[Short descriptive text snippets]
"""

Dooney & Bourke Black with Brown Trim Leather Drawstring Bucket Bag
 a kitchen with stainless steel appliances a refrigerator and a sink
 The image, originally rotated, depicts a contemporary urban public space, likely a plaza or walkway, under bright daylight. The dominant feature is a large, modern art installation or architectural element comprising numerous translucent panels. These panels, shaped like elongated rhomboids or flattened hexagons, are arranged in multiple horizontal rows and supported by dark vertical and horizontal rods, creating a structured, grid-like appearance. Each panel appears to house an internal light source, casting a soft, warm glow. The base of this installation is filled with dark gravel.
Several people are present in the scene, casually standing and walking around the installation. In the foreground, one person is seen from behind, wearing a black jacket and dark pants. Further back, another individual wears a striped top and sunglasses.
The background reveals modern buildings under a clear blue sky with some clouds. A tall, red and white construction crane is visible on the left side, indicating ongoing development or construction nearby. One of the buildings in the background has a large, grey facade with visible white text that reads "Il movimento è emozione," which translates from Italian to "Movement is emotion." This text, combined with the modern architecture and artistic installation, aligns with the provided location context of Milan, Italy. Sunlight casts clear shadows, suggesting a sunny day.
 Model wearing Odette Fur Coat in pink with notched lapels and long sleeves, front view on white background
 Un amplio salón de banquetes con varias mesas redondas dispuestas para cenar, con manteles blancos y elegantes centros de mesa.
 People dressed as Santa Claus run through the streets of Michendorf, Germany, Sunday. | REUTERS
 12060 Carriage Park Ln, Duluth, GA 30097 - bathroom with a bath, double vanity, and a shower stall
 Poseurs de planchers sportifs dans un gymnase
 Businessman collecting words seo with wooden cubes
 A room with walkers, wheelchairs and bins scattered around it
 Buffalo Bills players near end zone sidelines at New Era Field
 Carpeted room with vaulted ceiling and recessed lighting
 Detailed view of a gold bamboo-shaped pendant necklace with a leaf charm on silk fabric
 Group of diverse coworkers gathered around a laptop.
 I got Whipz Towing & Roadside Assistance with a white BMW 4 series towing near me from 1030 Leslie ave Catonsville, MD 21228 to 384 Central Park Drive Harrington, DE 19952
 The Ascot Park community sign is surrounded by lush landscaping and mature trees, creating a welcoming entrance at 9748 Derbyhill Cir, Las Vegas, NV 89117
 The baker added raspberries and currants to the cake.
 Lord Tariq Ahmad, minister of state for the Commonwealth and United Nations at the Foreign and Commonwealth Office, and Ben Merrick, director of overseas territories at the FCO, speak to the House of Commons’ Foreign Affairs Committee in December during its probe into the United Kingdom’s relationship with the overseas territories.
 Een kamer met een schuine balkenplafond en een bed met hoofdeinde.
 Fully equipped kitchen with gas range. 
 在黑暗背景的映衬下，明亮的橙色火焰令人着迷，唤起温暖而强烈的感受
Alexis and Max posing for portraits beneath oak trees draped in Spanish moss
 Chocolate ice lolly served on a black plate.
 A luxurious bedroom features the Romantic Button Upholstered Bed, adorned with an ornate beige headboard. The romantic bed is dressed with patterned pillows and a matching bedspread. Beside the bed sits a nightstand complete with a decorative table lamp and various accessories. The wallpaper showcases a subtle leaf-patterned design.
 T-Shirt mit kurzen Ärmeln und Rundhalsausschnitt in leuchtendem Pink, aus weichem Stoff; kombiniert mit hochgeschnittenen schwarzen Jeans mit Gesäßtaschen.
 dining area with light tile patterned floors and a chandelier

"""

Return each line of the entries that holds the string "view".

 Model wearing Odette Fur Coat in pink with notched lapels and long sleeves, front view on white background
 Detailed view of a gold bamboo-shaped pendant necklace with a leaf charm on silk fabric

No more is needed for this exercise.